“In Susa, time never sleeps — only changes its crown.”

1. The Crossroads of Civilisations

In the fertile plains of Khuzestan, about 150 kilometres east of the Tigris River, lies Susa — known in Persian as Shush. This ancient city, founded as early as 7000 BCE, stands among the oldest continuously inhabited sites on Earth. Its deep cultural strata preserve the memory of empires that rose and fell like tides: Elamite, Achaemenid, Seleucid, Parthian, and Sasanian.

Susa’s story is not merely one of bricks and ruins, but of the encounter between worlds. Positioned between Mesopotamia and the Iranian Plateau, it became a living bridge linking the two greatest civilisations of the ancient Near East. To the west flowed the scribes and laws of Babylon; to the east, the mountains and metallurgists of Anshan. Here they met, exchanged, and blended into something greater than either alone — a culture that laid the groundwork for Persia itself.

2. The Elamite Legacy — Land of the Gods

Before Persia, there was Elam — the “Land of the Gods,” as the Assyrians called it, translating the Elamite name Hel-Tum-Ti. At its heart stood Susa, a city whose origins stretch back over nine millennia.

Archaeological layers reveal a society that mastered metallurgy, irrigation, and early writing systems, contemporaneous with Sumer.
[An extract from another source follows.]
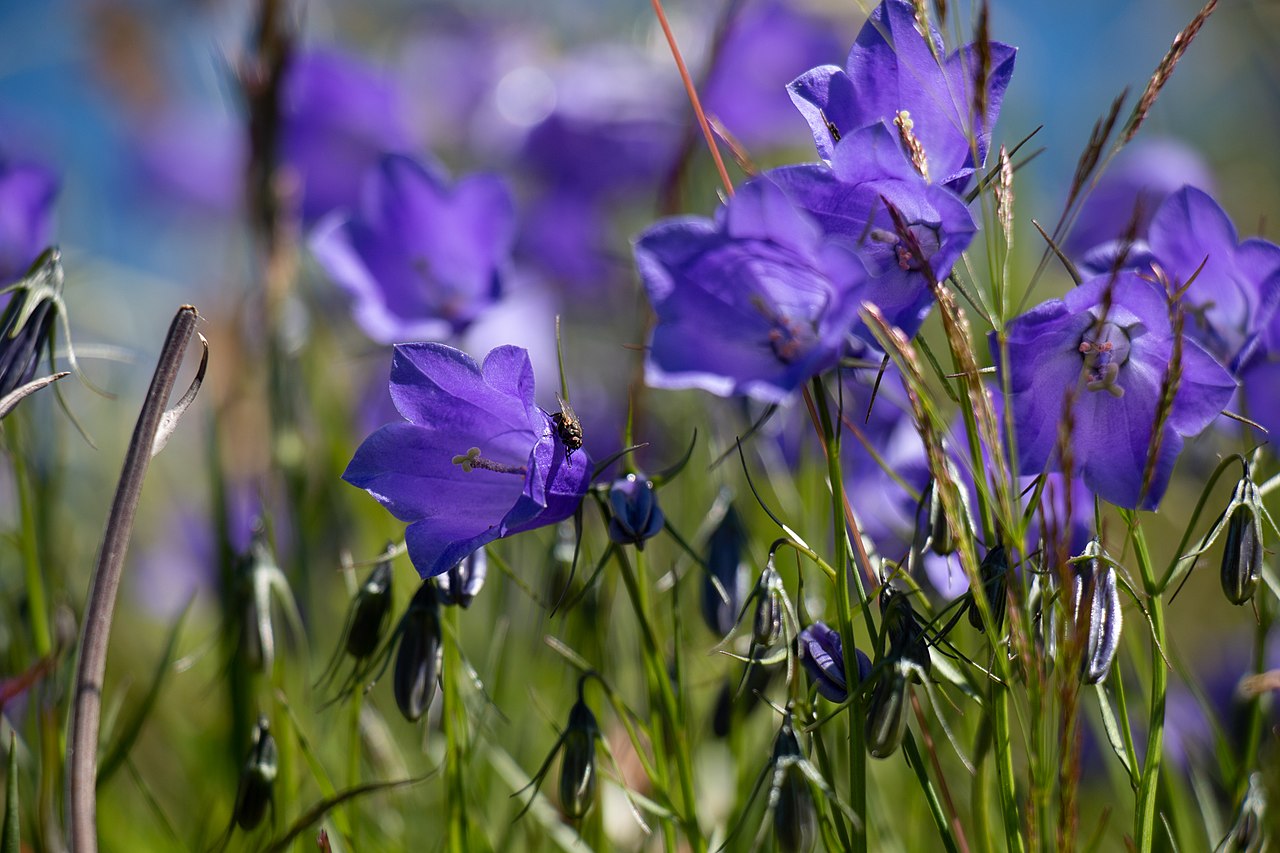 Fünfblättrige glockenförmige Blume mit violetten Blütenblättern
The Elamite tablets, written in proto-Elamite script, suggest one of the world’s earliest bureaucratic systems.

Susa’s wealth rested on three pillars:

  1. Intelligence and adaptability — the Elamites absorbed knowledge from their Mesopotamian neighbours without losing their identity.
  2. Fertility of the Khuzestan plain, ideal for agriculture and animal husbandry.
  3. Cultural rivalry with Assyria and Babylon, which spurred both innovation and resilience.

Among Susa’s treasures are the gold statuette of a deity and the Shush goblet, both housed in the Louvre. The goblet, decorated with stylised ibexes and geometric motifs, reveals not only aesthetic brilliance but also philosophical depth — the cyclical rhythm of nature rendered in form.

Elam was more than a kingdom; it was a cradle of continuity, transmitting its artistic and spiritual legacy to the later Persians who would claim descent from its soil.

3. The Fire of Ashurbanipal

Yet, greatness invites envy. In the 7th century BCE, Susa faced one of the darkest moments in its history.

Assyrian king Ashurbanipal launched a devastating campaign against Elam, seeking vengeance for generations of rivalry. His conquest of 647 BCE, recorded on Assyrian reliefs, depicts the Battle of Ulai — fire engulfing the city, soldiers looting temples, and captives dragged in chains.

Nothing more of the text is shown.